Data extracts

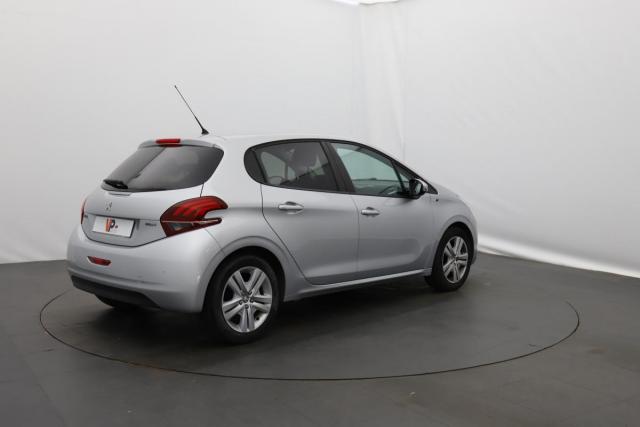 Peugeot 208 image 7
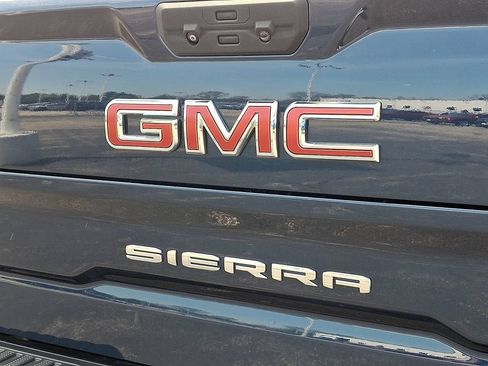 Certified 2023 GMC Sierra 1500 SLT w/ SLT Premium Package AWD/4WD image 33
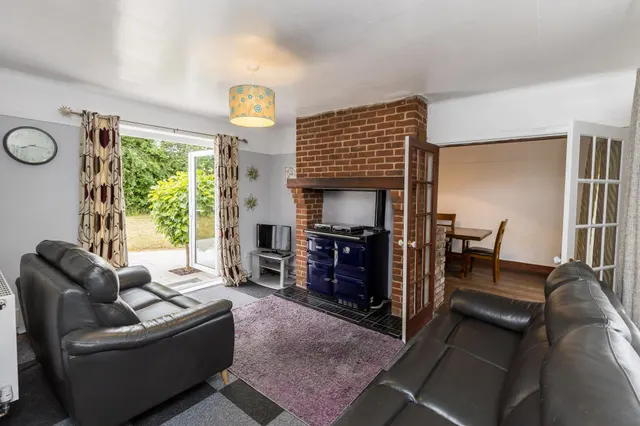Croeshowell Lane, Wrexham, LL12, photo 2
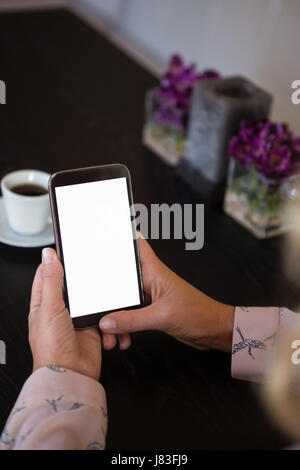 Händen der Geschäftsfrau mit Handy im Café beschnitten Stockfoto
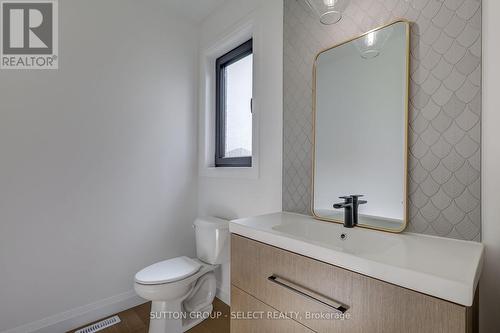 4 Kaiser Lane, Middlesex Centre (Komoka), ON - Indoor Photo Showing Bathroom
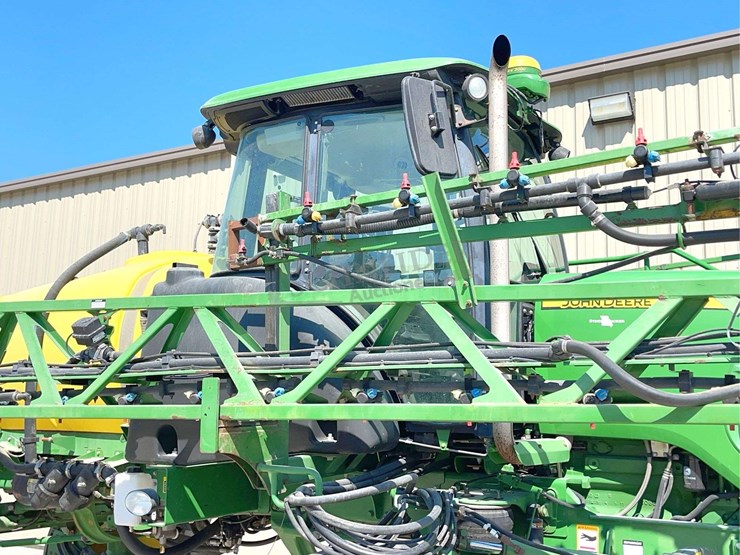 2010-john-deere-4630-image-89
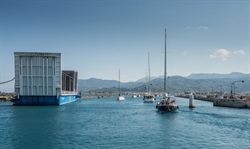 Pozor na zavřený Lefkas Floating Bridge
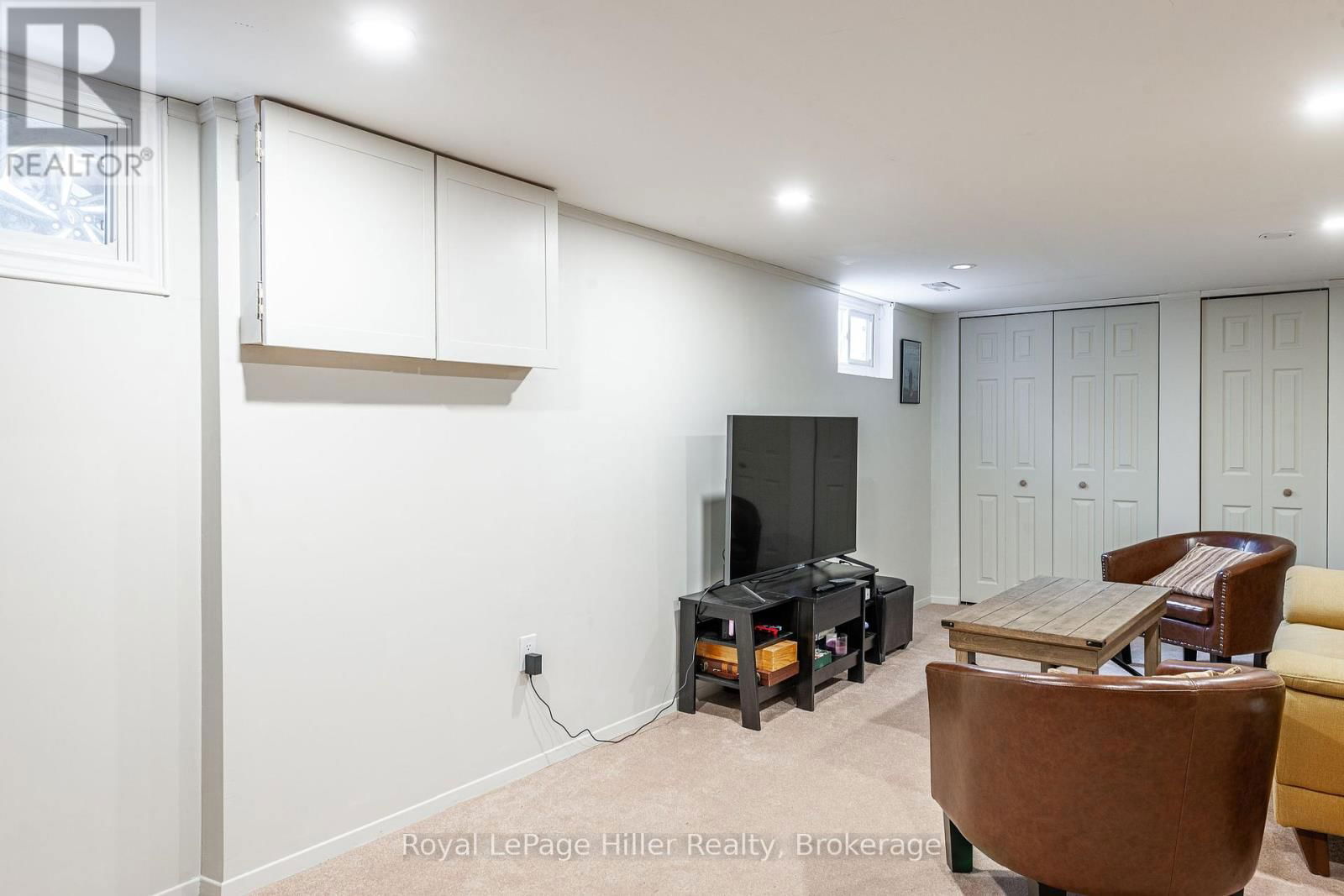 20 CORIANO STREET Image 25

What you will do
Repeat nothing but the lines from the one containing "Pozor na zavřený Lefkas Floating Bridge" through the last line of the listing, both included, exactly as written, and omit any picture.

Written response
 Pozor na zavřený Lefkas Floating Bridge
 20 CORIANO STREET Image 25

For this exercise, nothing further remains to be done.